The therapeutic potential of EVs has captivated researchers in recent years. Their unique characteristics, including stability, biocompatibility, and the ability to overcome biological barriers, make them highly promising candidates for targeted drug delivery systems. EVs can be engineered to transport specific cargo molecules, such as therapeutic proteins, small interfering RNAs (siRNAs), or anti-cancer drugs, to targeted cells or tissues. Encapsulation within EVs enhances the stability of these payloads and minimizes undesirable side effects [4].
Furthermore, EVs offer immense potential in the field of regenerative medicine. They have demonstrated the ability to promote tissue repair and regeneration by delivering bioactive molecules to damaged cells or tissues. Stem cell-derived EVs, for instance, exhibit regenerative properties, stimulating tissue healing and modulating immune responses. These regenerative capabilities position EVs as promising tools for developing novel therapies for various diseases, including neurodegenerative disorders, cardiovascular diseases, and inflammatory conditions [5].

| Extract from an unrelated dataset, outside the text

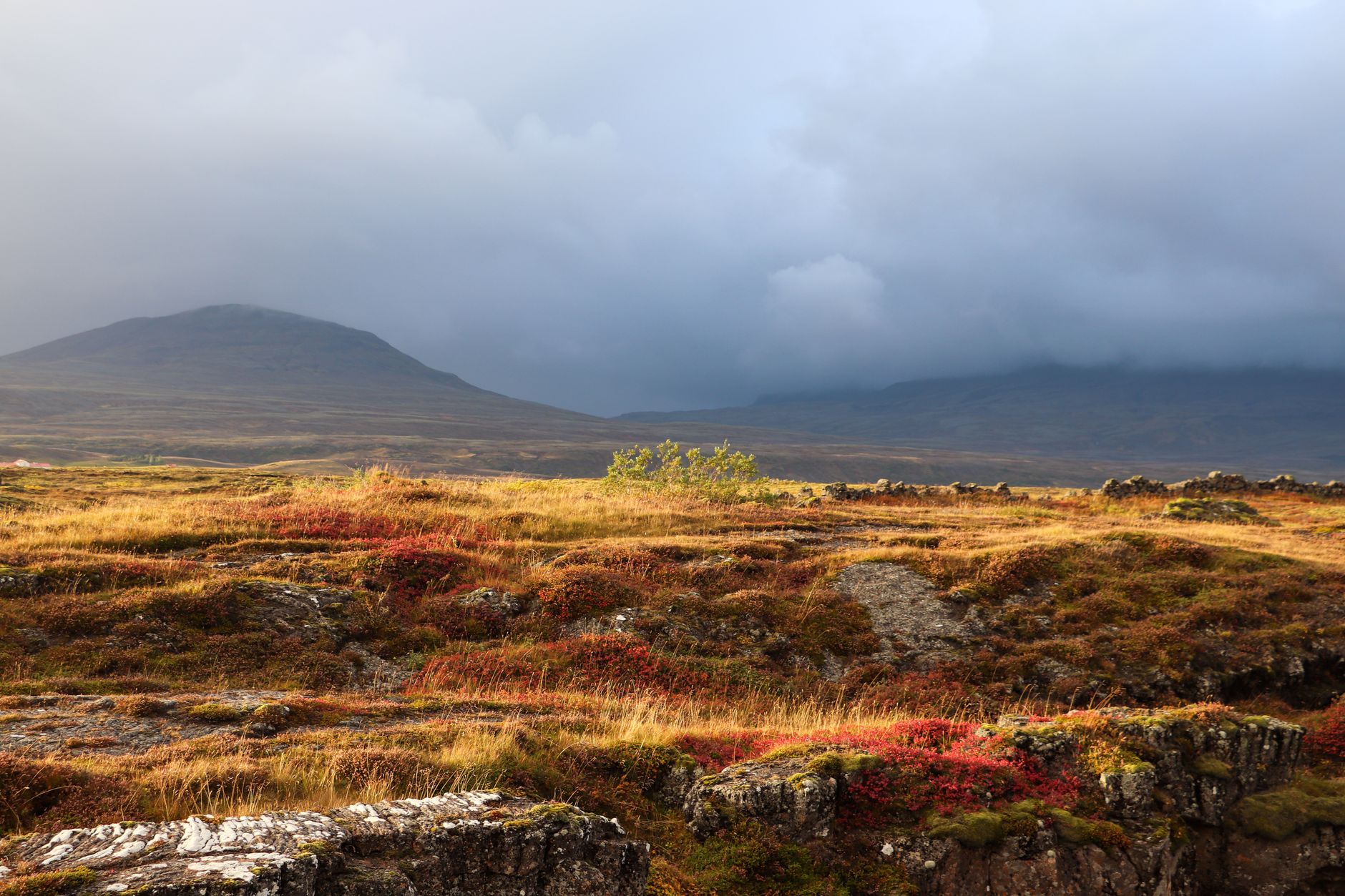 A lone figure standing on a vast, empty road stretching towards distant mountains under a dramatic sky, symbolizing budget travel and exploration.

In conclusion, extracellular vesicles represent a captivating and promising field of study with significant therapeutic potential. These nanosized structures serve as crucial mediators of intercellular communication, transmitting bioactive molecules and modulating cellular functions. The capacity to engineer EVs for targeted drug delivery and exploit their regenerative properties underscores their appeal for therapeutic applications, as shown in Figure 1 [6]. As our understanding of EV biology and their therapeutic capabilities continues to expand, we anticipate that these minute vesicles will revolutionize the field of medicine, contributing to the development of innovative and highly effective treatments [7].
Figure 1.
Extracellular vesicles as therapeutic agent carriers.

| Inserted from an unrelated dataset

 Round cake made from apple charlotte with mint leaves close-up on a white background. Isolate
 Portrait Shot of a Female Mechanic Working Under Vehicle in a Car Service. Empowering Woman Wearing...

Materials and methods of work
Study design
The current study employed a simple review methodology to examine relevant literature in the field. The review period spanned three months, from November to February 2018.
Data sources
To gather relevant articles, a comprehensive search was conducted in prominent scientific databases including Scopus, ISI, and PubMed. These databases were chosen due to their extensive coverage of descriptive and analytical studies.
Search strategy
The search strategy involved the use of specific keywords to identify articles related to the study’s focus. In the Scientific Information Database, the following keywords were utilized: extracellular vesicles, exosome, Endosomal Sorting Complex Required for Transport (ESCRT), Multivesicular Body (MVB). These keywords were selected based on their relevance to the research topic and the potential to yield articles of interest.
Article selection criteria
The primary criterion for article selection was their direct connection to exosomes, as well as the presence of at least one of the designated keywords. This criterion ensured that the chosen articles were pertinent to the study’s objectives.
Article collection
A total of 145 articles were initially identified through the database searches. After a thorough screening process, 118 articles were deemed suitable for inclusion in the review. The screening process involved carefully assessing each article’s title, abstract, and full text to ensure alignment with the research goals.
In summary, this review employed a simple methodology over a three-month period, targeting articles indexed in Scopus, ISI, and PubMed. The search strategy involved using specific keywords to identify relevant literature, with a focus on articles related to exosomes. Ultimately, 118 articles were considered suitable for inclusion in the study.
Exosomes and therapeutic goals
Past studies have shown that cell therapy or stem cell transplantation leads to beneficial effects at the transplant site. These discoveries have opened the way for the use of stem cells in medicine and have made significant progress in the last few decades [8].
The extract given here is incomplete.